基于SWAT模型的小流域非点源氮磷迁移规律研究

    Migration of non-point source nitrogen and phosphorus in small watershed based on SWAT model

    • 摘要: 非点源污染是影响农业水土环境的重要因素。在GIS平台的支持下,运用SWAT模型,以长江下游岔河小流域为研究对象,分析了氮磷流失时空分布规律,并模拟不同灌溉方式下非点源氮磷流失变化。结果表明:率定后的模型适用于小流域非点源污染的模拟;降雨量与径流及有机氮磷流失具有明显的相关关系,汛期(6-9月)的径流量占全年径流量的56.40%,有机氮磷流失量分别占到64.89%和59.70%;在空间尺度上,有机氮与有机磷负荷空间分布相似,呈现出随地表径流向岔河主河道逐渐汇聚的分布特征,大豆和水稻田是非点源污染的主要贡献地区;通过情景模拟发现,不同灌溉方式对小流域氮磷流失影响显著,对水稻田实行优化灌溉,采取浅灌高蓄的控制方法,可以有效改善小流域农业水土环境。

       

      Abstract: Abstract: Non-point source pollution is the main factor affecting water-soil environment. Based on the SWAT model and GIS technology, spatial and temporal distributions of organic nitrogen (ON) and organic phosphorus (OP) were analyzed in Chahe watershed at the lower Yangtze River. Simulation of non-point source pollution was performed under different irrigation methods. The results showed that SWAT model was applicable for the simulation of non-point source pollution in the study area. Precipitation had strong correlation with runoff, ON and OP, with correlation coefficients 0.897, 0.762 and 0.713, respectively. Runoff during flood season accounted for 56.40% of the annual total, while ON and OP accounted for 64.89% and 59.70%, respectively. Loss of ON had a significant correlation with OP loads. At the spatial scale, high loads areas of ON and OP were mainly concentrated in the central and south of the watershed, and as a whole showed a distribution gradually characteristic to the Chahe main channel aggregation with surface runoff. The distribution of ON and OP loads were not only related to the runoff, but also impacted by the land use obviously. Average ON and OP loads of soybean fields were highest at 56.70 and 8.80kg/hm2, respectively, while the total contribution amount of ON and OP in rice fields accounted for 67.87% and 65.72% of the entire watershed, the main contribution of non-point pollution source, respectively.
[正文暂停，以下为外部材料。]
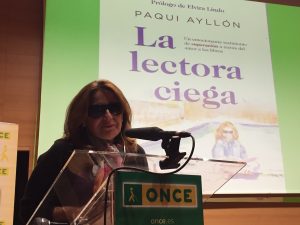 Actuación de Marina Rojas en la entrega de premios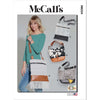 McCall's Pattern M8334 Bags by Tiny Seamstress Designs 8334 Image 1 From Patternsandplains.com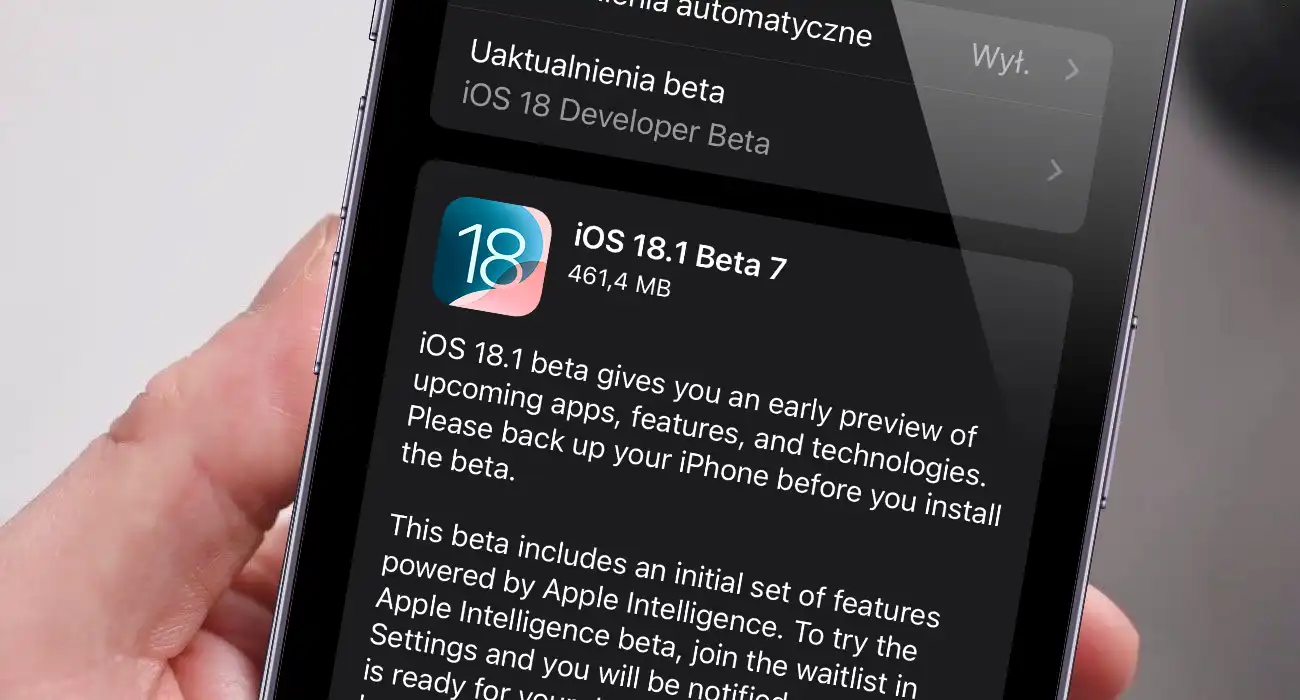 ios18.1 beta7|widget zegar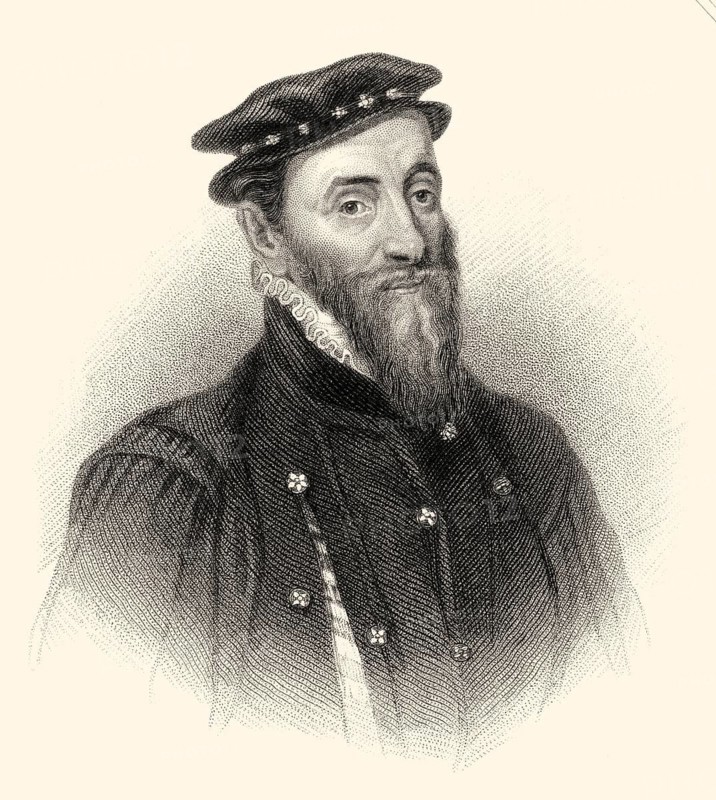Sir Thomas Gresham der Ältere, 1519-1579, englischer Kaufmann und Finanzier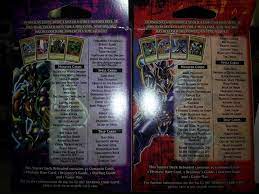 Fans will love roleplaying and dueling with their hero's deck just like on tv! The Organization Starter Decks Yugi Kaiba Reloaded Spoiler Lists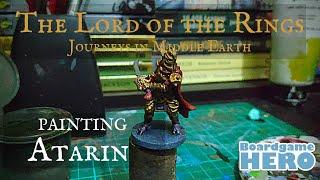 Atarin - Painting Villains of Eriador Figure Pack for Journeys in Middle Earth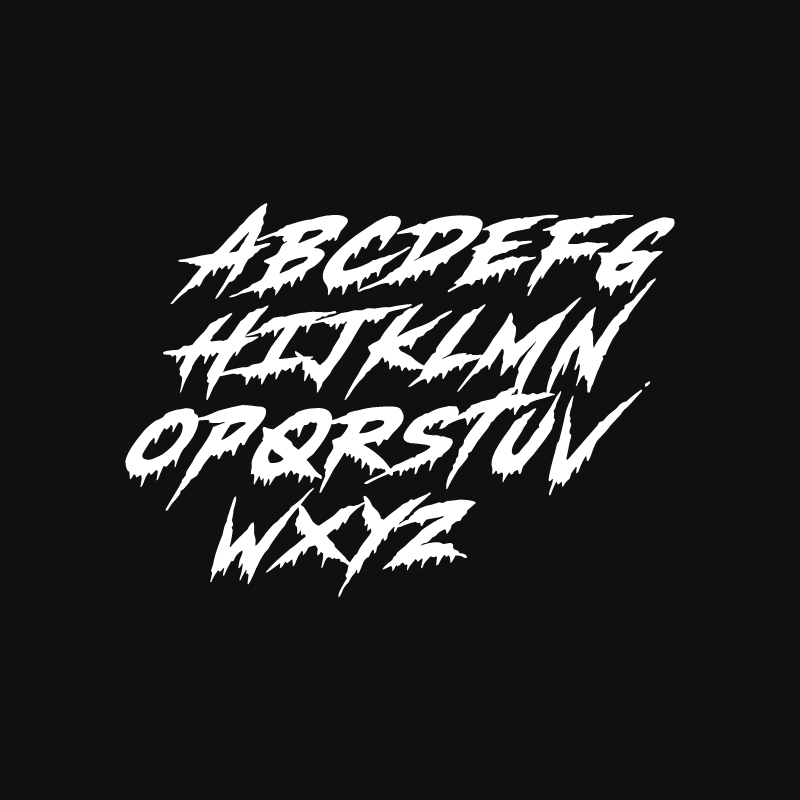 PUNKD CUSTOM TEXT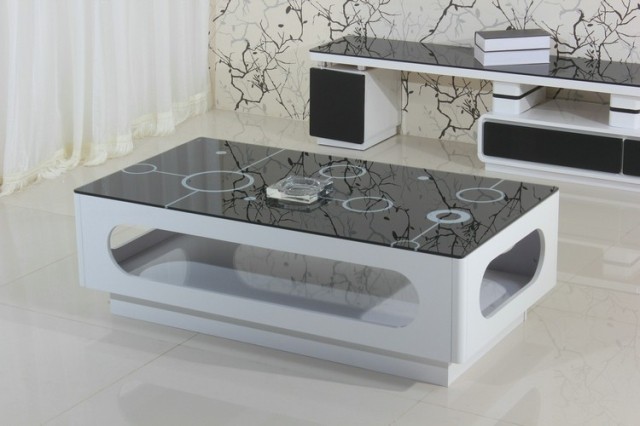 玻璃茶几的款式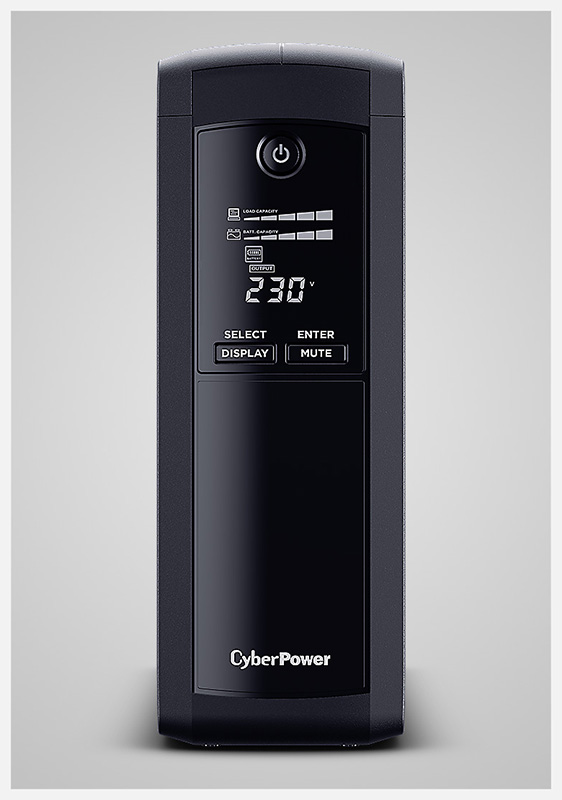 CyberPower VP1200EILCD 1200VA/720W Value Pro Series UPS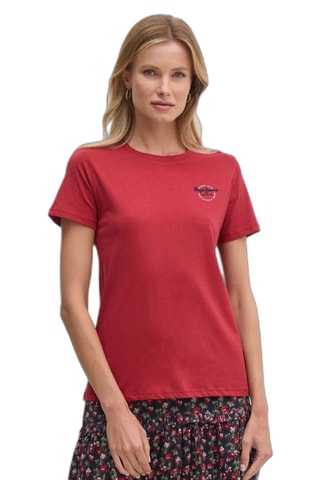 T-shirt Gabriela - Rood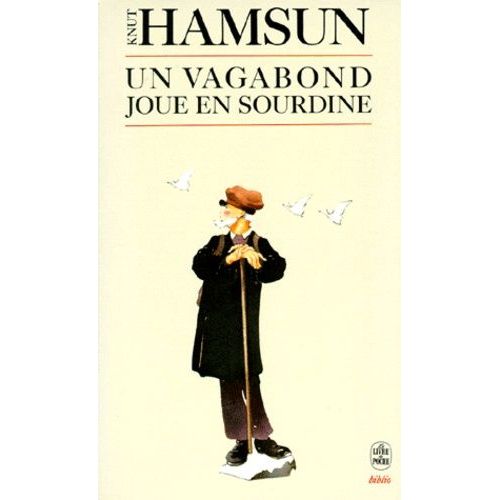 Un Vagabond Joue En Sourdine   de Hamsun Knut  Format Poche 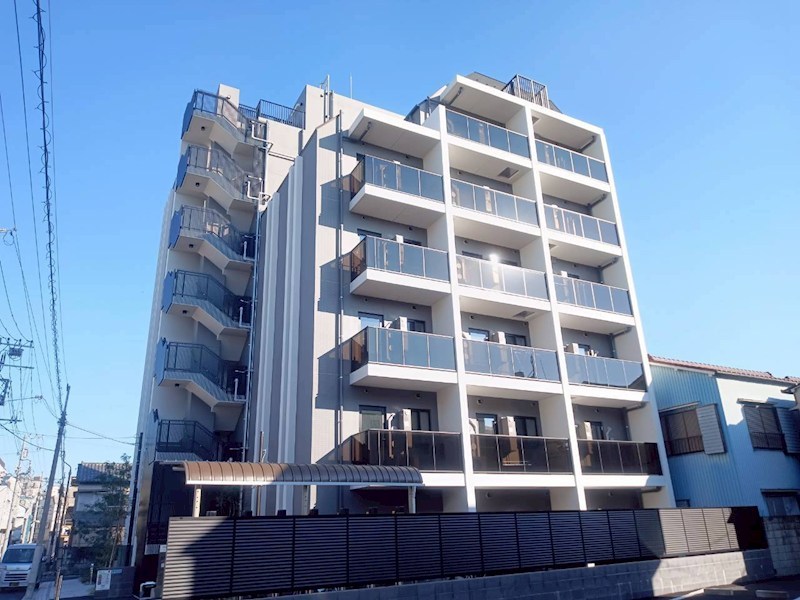 デュオステージ北千住Ⅲ 外観写真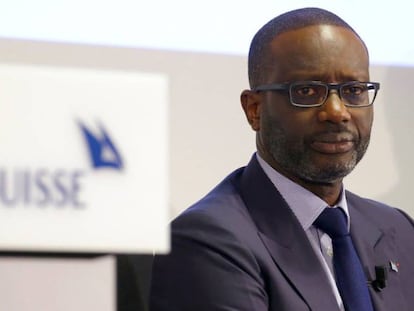 Tidjane Thiam, CEO de Credit Suisse.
Through scenario simulations, the implementation of optimizing irrigation on rice fields such as shallow irrigation and deep storage, can effectively control nitrogen and phosphorus losses and improve the soil and water environment of small watersheds. This research provides important reference for scientific farmland management of small watershed.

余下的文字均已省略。